I have a table that records user transactions like this (simplified version) in BigQuery
user | transaction_date | label | cost |
---|---|---|---|
a | 2021-10-31 10:30:00 | y1 | 10 |
b | 2021-10-31 10:30:00 | y2 | 10 |
c | 2021-10-31 10:30:00 | y1 | 10 |
a | 2021-11-31 10:30:00 | y1 | 10 |
a | 2021-12-31 10:30:00 | y2 | 10 |
b | 2021-11-31 10:30:00 | y3 | 10 |
c | 2021-11-31 10:30:00 | y1 | 10 |
b | 2021-12-31 10:30:00 | y2 | 10 |
c | 2021-12-31 10:30:00 | y1 | 10 |
I am interested in information related to cost and current/next label. How can I use LEAD() to return the next different label as label_next?
i.e
user | transaction_date | label | cost | label_next |
---|---|---|---|---|
a | 2021-10-31 10:30:00 | y1 | 10 | y2 |
b | 2021-10-31 10:30:00 | y2 | 10 | y3 |
c | 2021-10-31 10:30:00 | y1 | 10 | y3 |
a | 2021-11-31 10:30:00 | y1 | 10 | y2 |
a | 2021-12-31 10:30:00 | y2 | 10 | y5 |
b | 2021-11-31 10:30:00 | y3 | 10 | y2 |
c | 2021-11-31 10:30:00 | y1 | 10 | y3 |
b | 2021-12-31 10:30:00 | y2 | 10 | null |
c | 2021-12-31 10:30:00 | y3 | 10 | null |
a | 2021-12-31 18:30:00 | y5 | 10 | null |
standard LEAD() would return just the next label i.e. for row 1 (user a) would return y1 as the same user is registered with the same label once before being seen with a different label.

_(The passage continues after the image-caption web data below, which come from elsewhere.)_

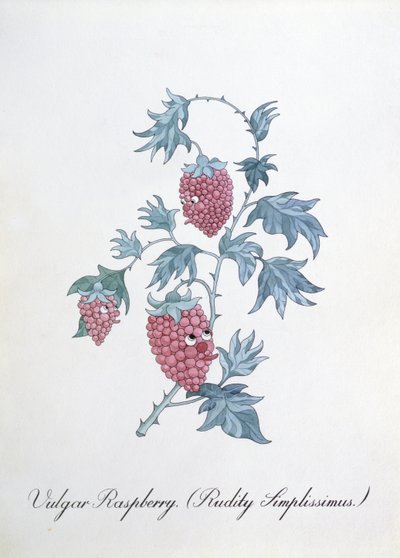 庸俗覆盆子（Rudity Simplissimus），插图选自约翰-威尔（John Weir）的《植物学怪谈》（The Bogus Book of Botany）。 作者 约翰·威尔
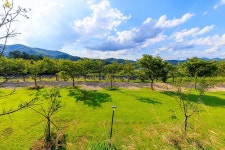 왕산골 관광농원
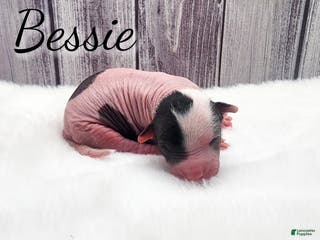 Mixed Breed dogs Bessie - Ad 2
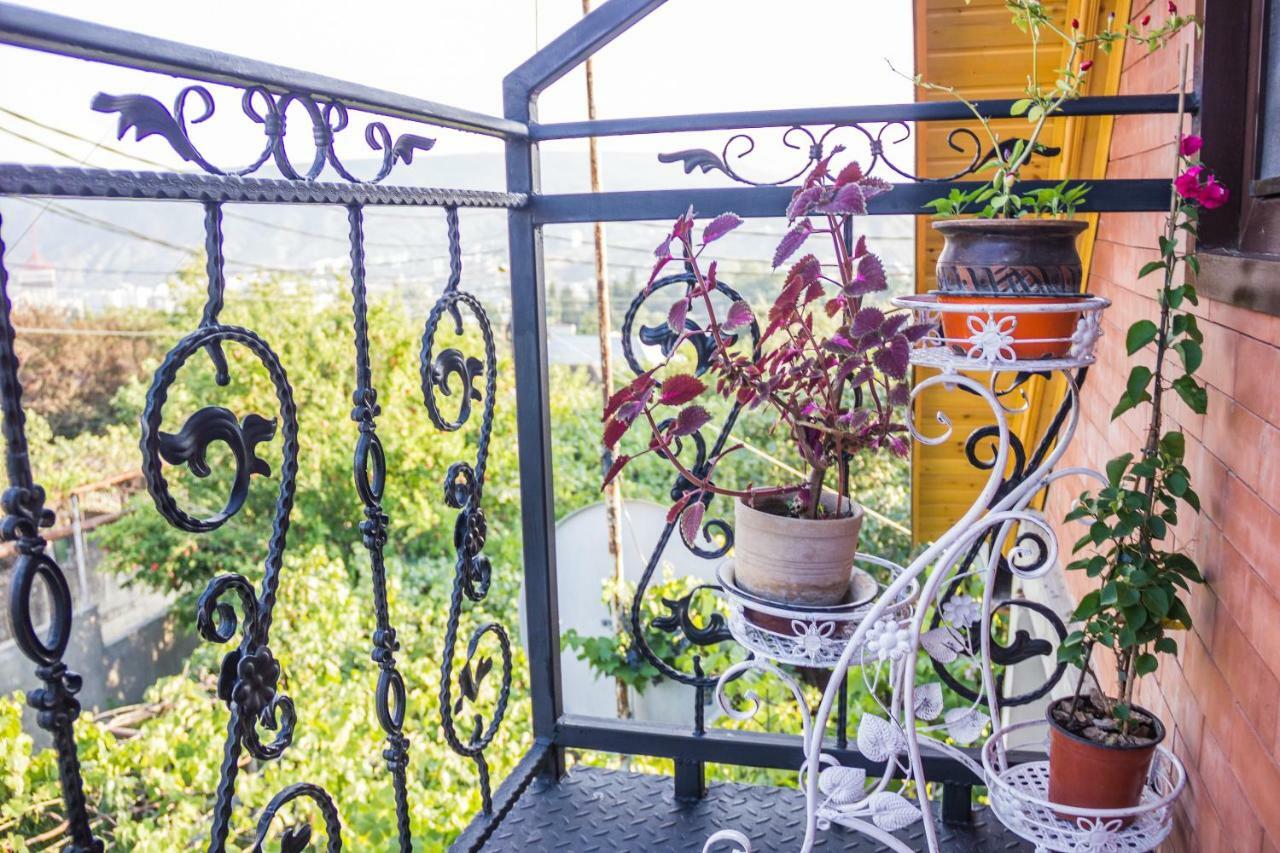 Apartament Sofia تبليسي المظهر الخارجي الصورة
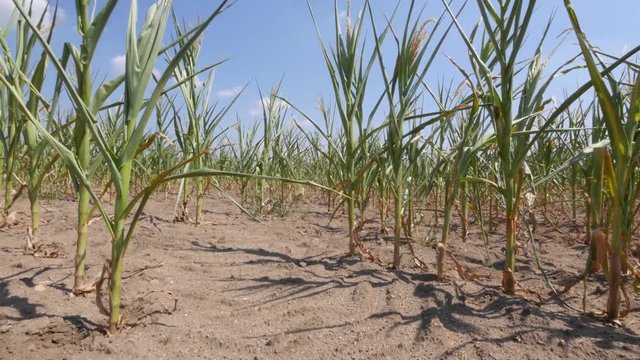 Drought, field of dry corn plants 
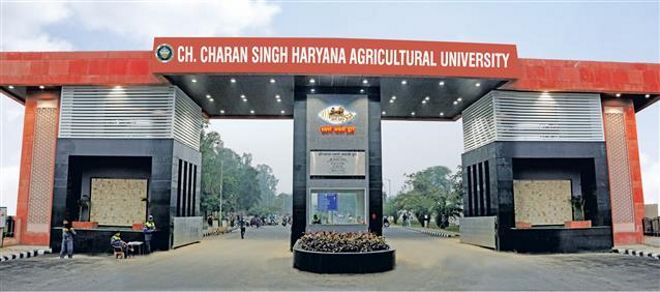 Haryana Agricultural University VC receives award for work on agronomy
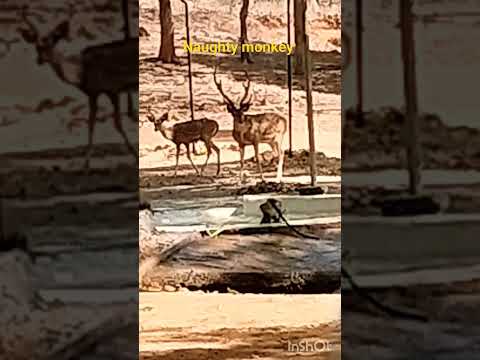 # Naughty monkey #Naughty monkeys swimming with deers in water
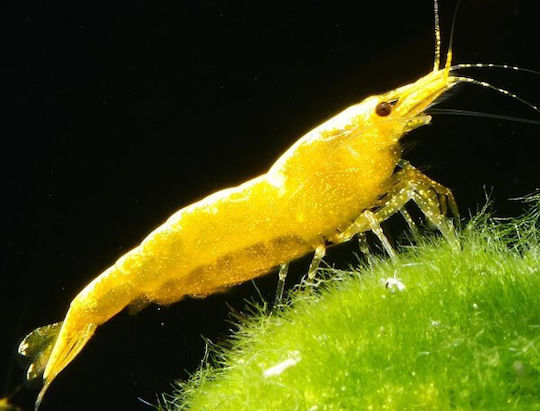 Neocaridina Davidi Yellow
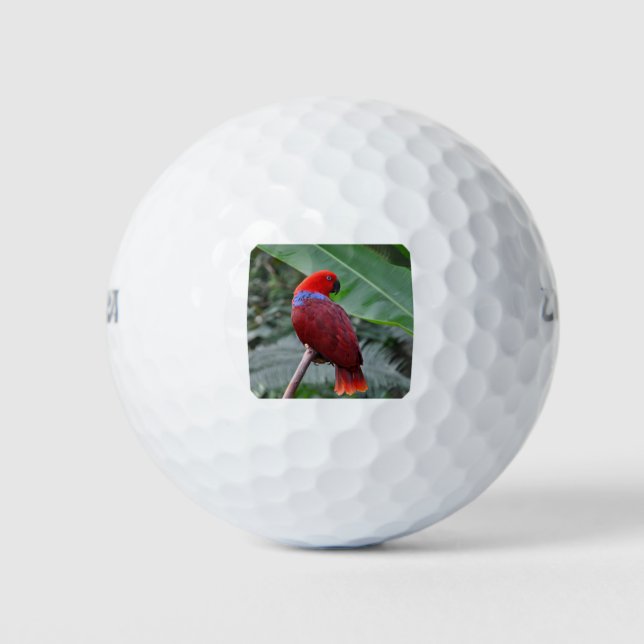Pelotas De Golf Loro ecléctico rojo (Anverso)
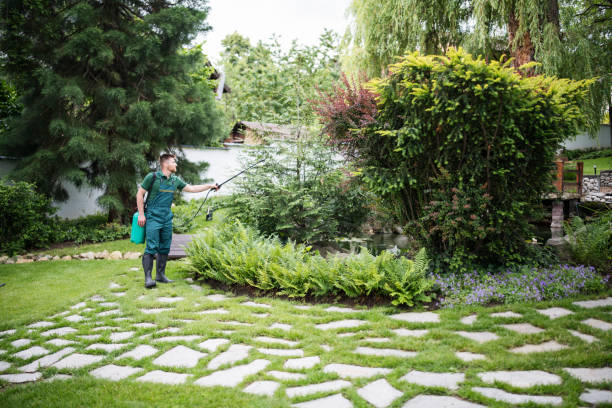 Best Exterminator Services  in Delta, CO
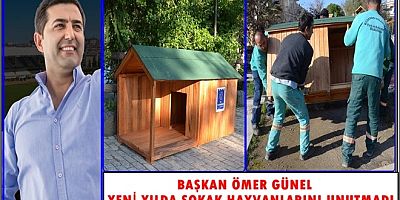 BAŞKAN ÖMER GÜNEL YENİ YILDA SOKAK HAYVANLARINI UNUTMADI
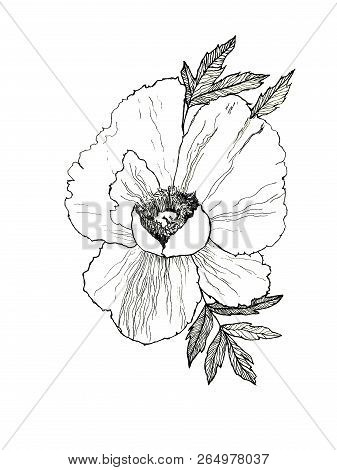 Hand Drawn Black And White Illustration Of Peony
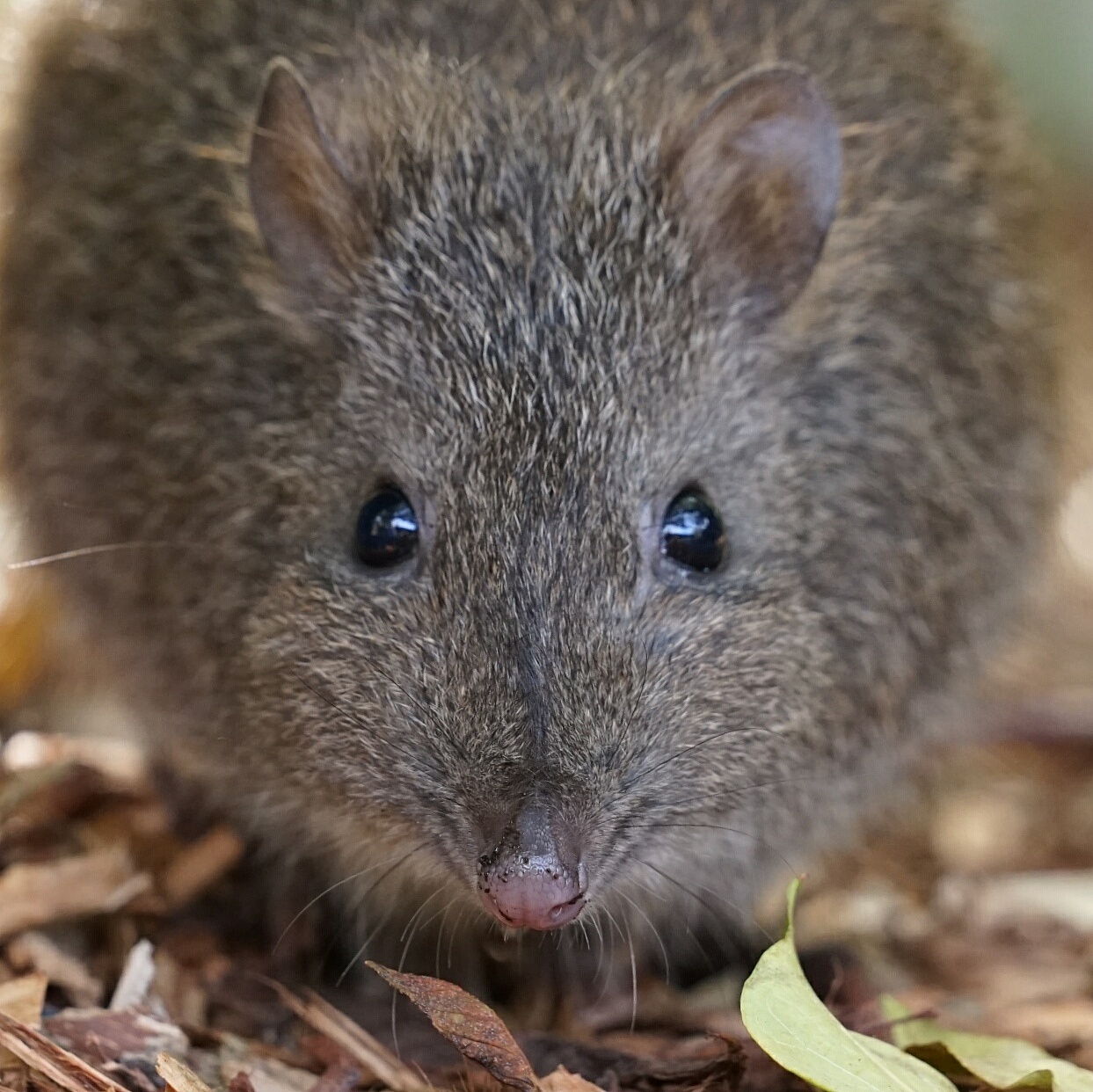 南澳的小老鼠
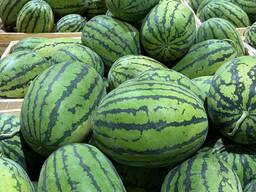 Арбуз Сербия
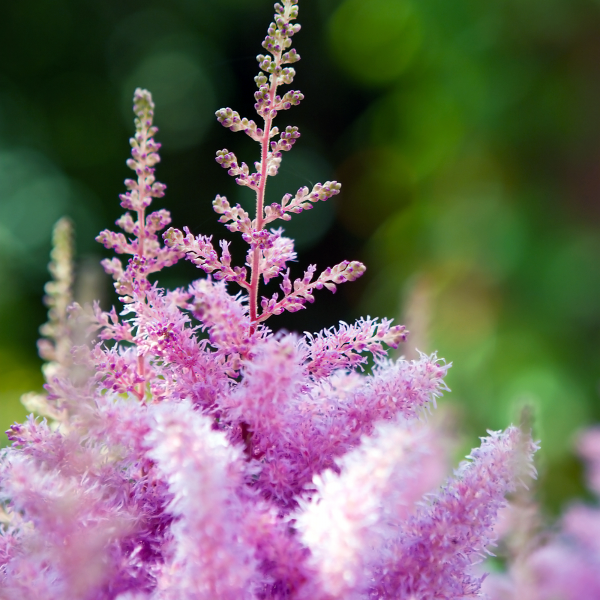 pink astilbe
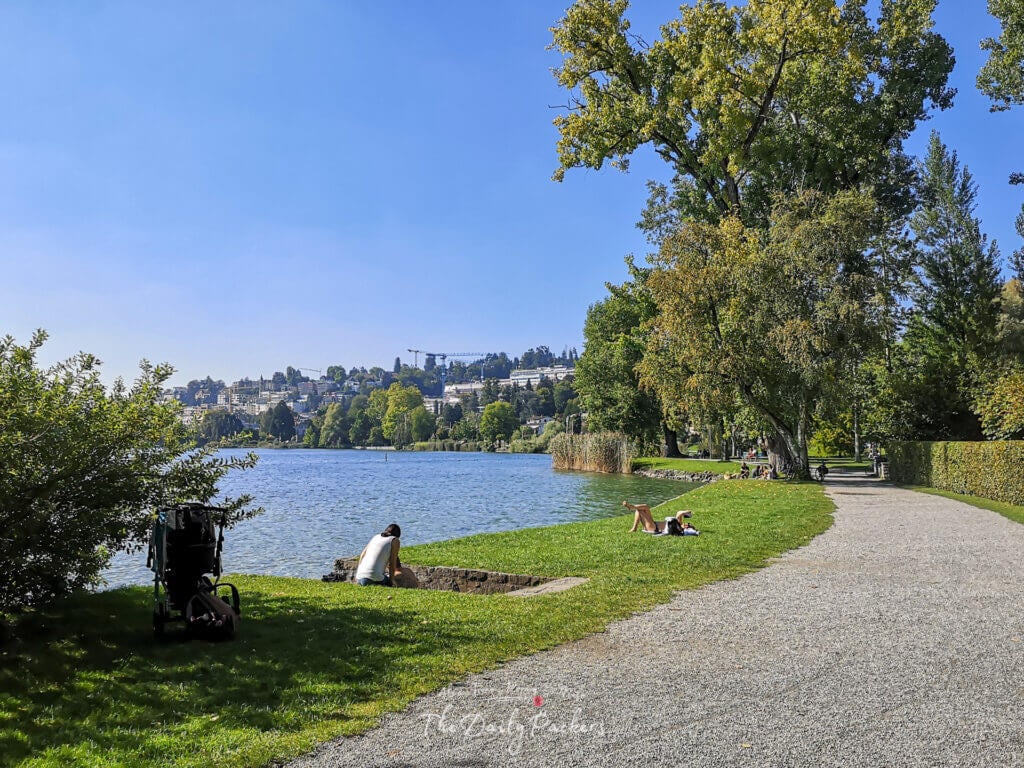Pathway along Lake Lucerne with people relaxing on the grass under tall trees on a sunny afternoon.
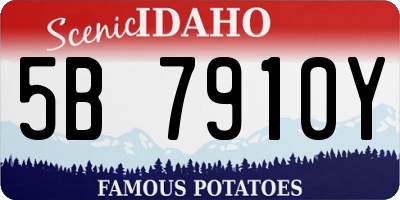 ID license plate 5B7910Y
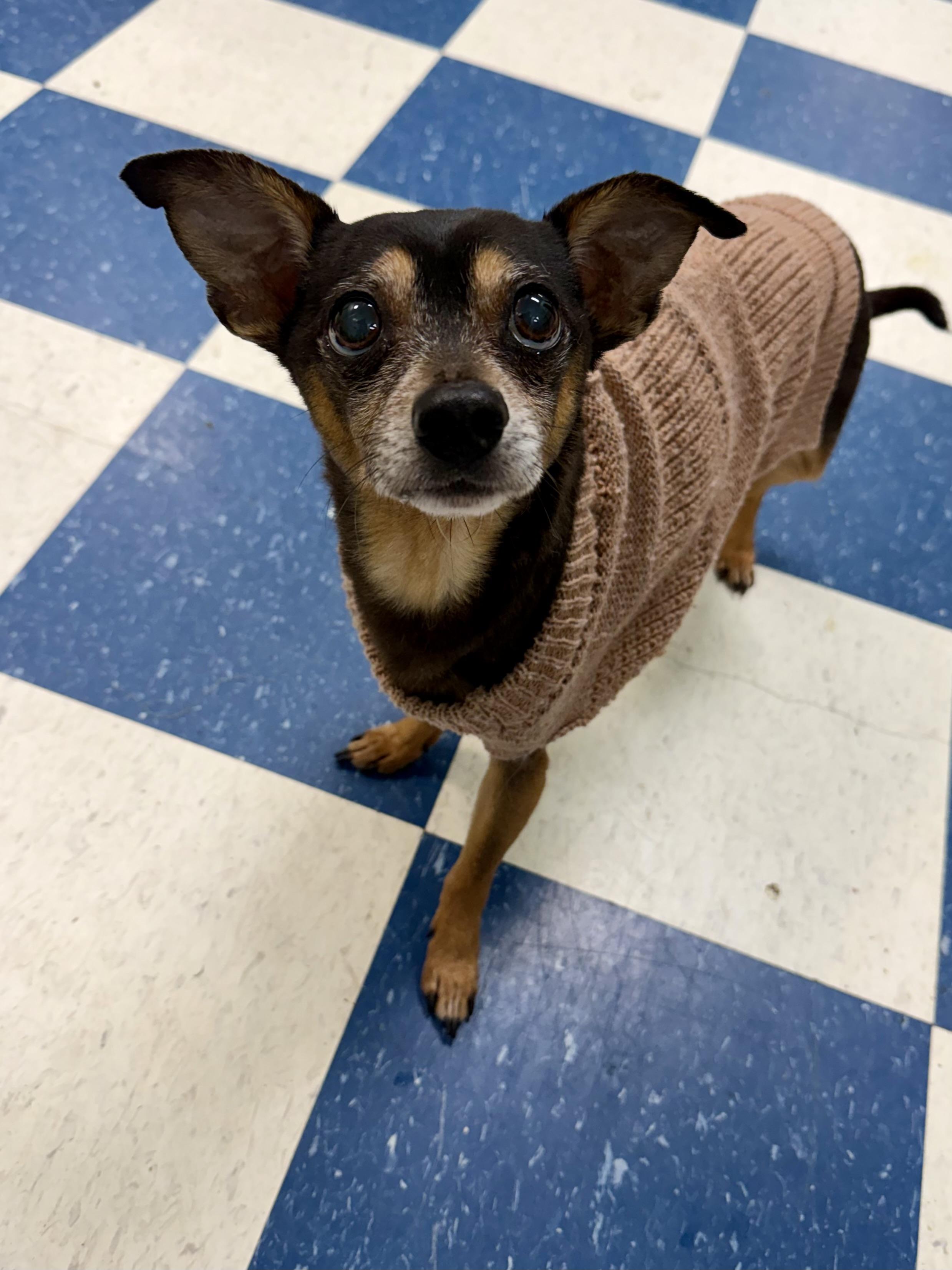 Enlarge Tango, a ADOPTABLE mixed breed in Auburn, AL image 2/3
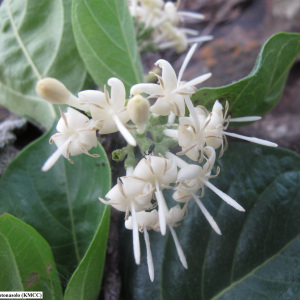 Paracephaelis cinerea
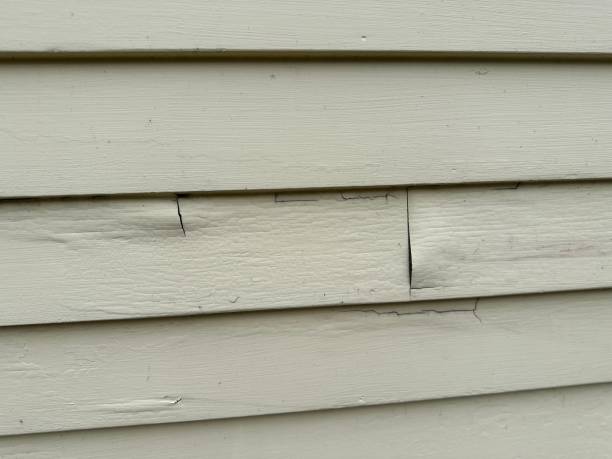 Best Siding Replacement  in Coquille, OR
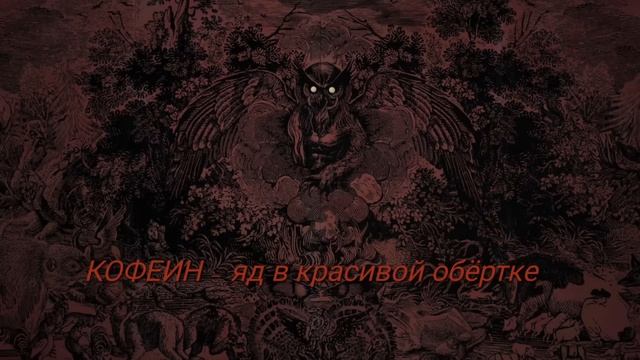 КОФЕИН и вегето-сосудистая Дистония!! ЯД в красивой об?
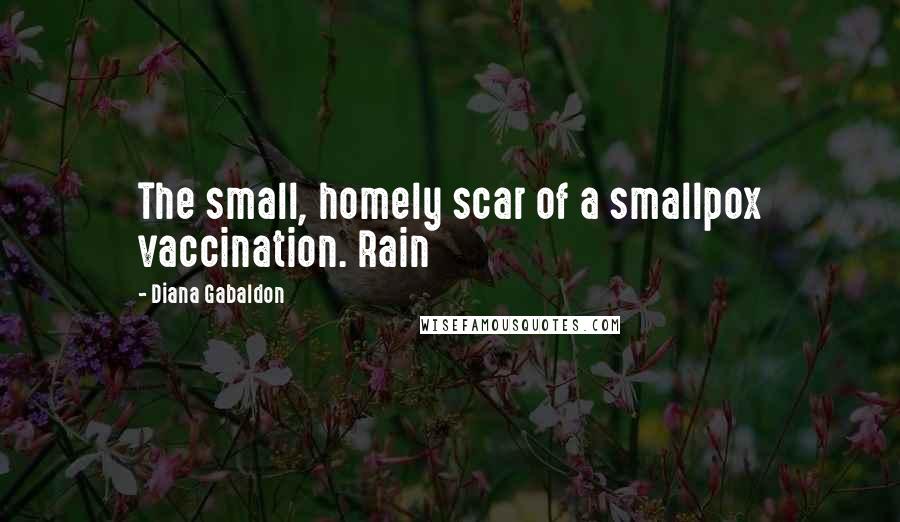 Diana Gabaldon Quotes: The small, homely scar of a smallpox vaccination. Rain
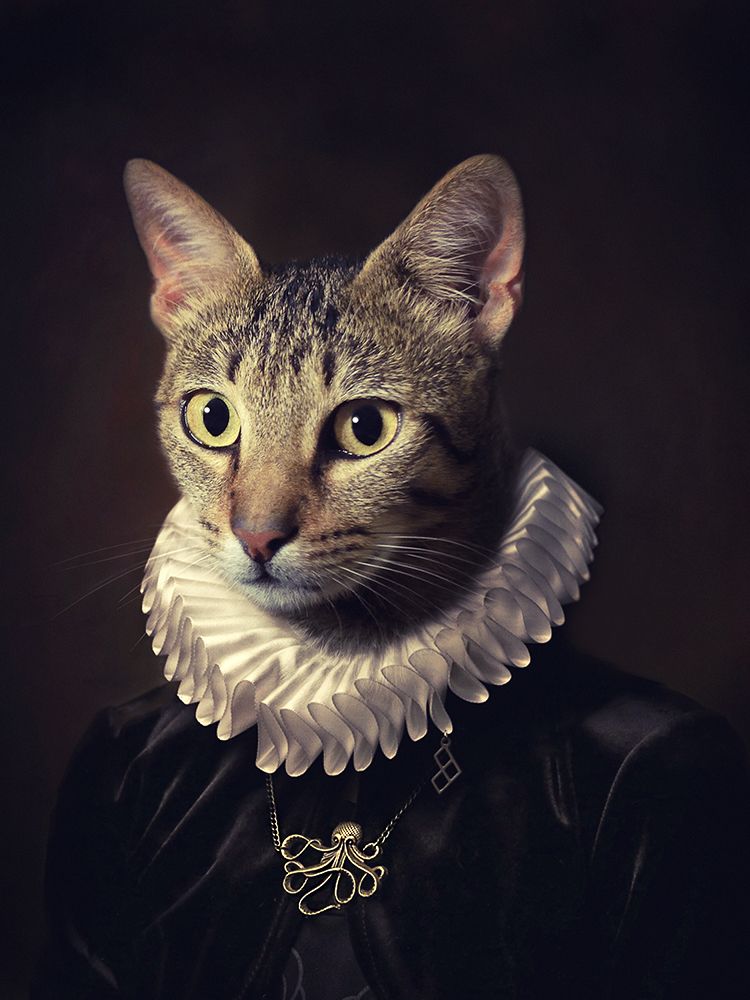 Sir Kiko art print by Paulo Dias for $57.95 CAD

I think I have one solution that involves: grouping by user, label and calculate min and max transaction_date then use LEAD() to get label_next per grouping and join that table on the initial table on user and transaction_date inside min and max transaction_date
But is there a way to do it differently?